» **Brief descriptive captions**
*** Begin section ***

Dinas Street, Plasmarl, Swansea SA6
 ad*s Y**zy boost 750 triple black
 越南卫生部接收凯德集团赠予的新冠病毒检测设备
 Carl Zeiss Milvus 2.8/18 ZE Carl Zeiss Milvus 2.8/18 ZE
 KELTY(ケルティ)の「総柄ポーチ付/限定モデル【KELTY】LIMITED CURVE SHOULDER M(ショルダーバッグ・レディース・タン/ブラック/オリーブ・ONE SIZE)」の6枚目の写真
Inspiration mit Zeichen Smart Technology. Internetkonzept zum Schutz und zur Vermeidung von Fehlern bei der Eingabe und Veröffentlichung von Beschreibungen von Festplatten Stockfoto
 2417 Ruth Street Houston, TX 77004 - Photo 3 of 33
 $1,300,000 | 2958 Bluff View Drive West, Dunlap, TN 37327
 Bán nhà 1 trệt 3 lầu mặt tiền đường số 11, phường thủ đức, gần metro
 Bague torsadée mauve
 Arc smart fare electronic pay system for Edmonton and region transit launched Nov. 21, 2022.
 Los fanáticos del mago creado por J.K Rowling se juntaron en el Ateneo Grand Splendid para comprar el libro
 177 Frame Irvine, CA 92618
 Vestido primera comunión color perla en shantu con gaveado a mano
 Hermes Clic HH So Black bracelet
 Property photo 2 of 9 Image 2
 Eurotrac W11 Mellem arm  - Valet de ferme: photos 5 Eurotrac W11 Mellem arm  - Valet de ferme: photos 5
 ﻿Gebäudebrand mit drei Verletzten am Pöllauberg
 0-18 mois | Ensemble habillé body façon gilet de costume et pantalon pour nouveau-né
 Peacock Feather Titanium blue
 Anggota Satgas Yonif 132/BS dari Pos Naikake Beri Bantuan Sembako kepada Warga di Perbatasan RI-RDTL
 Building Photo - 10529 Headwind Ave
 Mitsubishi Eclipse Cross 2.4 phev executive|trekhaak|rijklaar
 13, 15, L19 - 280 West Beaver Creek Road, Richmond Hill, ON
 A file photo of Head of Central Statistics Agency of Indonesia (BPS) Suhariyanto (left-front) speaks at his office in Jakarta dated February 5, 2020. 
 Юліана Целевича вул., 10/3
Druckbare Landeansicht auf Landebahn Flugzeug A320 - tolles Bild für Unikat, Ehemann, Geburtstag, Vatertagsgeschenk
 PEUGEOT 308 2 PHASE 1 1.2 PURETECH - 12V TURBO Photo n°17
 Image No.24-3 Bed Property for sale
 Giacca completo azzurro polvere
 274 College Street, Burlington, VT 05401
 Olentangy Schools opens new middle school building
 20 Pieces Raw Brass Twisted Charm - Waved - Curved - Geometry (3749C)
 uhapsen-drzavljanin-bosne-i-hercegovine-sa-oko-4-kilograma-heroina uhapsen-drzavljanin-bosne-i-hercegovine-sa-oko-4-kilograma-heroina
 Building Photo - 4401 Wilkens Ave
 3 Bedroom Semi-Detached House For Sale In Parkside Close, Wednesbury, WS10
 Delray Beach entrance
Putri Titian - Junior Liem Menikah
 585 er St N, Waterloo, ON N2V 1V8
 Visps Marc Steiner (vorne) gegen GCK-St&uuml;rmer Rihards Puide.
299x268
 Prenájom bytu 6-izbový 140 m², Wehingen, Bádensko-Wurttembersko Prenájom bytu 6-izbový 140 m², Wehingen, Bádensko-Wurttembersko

*** End section ***

» **Work instruction**
Write out, exactly as they appear, the lines from the one containing "Putri Titian - Junior Liem Menikah" through the last line of the records above, both included, and nothing more.

» **Solution**
Putri Titian - Junior Liem Menikah
 585 er St N, Waterloo, ON N2V 1V8
 Visps Marc Steiner (vorne) gegen GCK-St&uuml;rmer Rihards Puide.
299x268
 Prenájom bytu 6-izbový 140 m², Wehingen, Bádensko-Wurttembersko Prenájom bytu 6-izbový 140 m², Wehingen, Bádensko-Wurttembersko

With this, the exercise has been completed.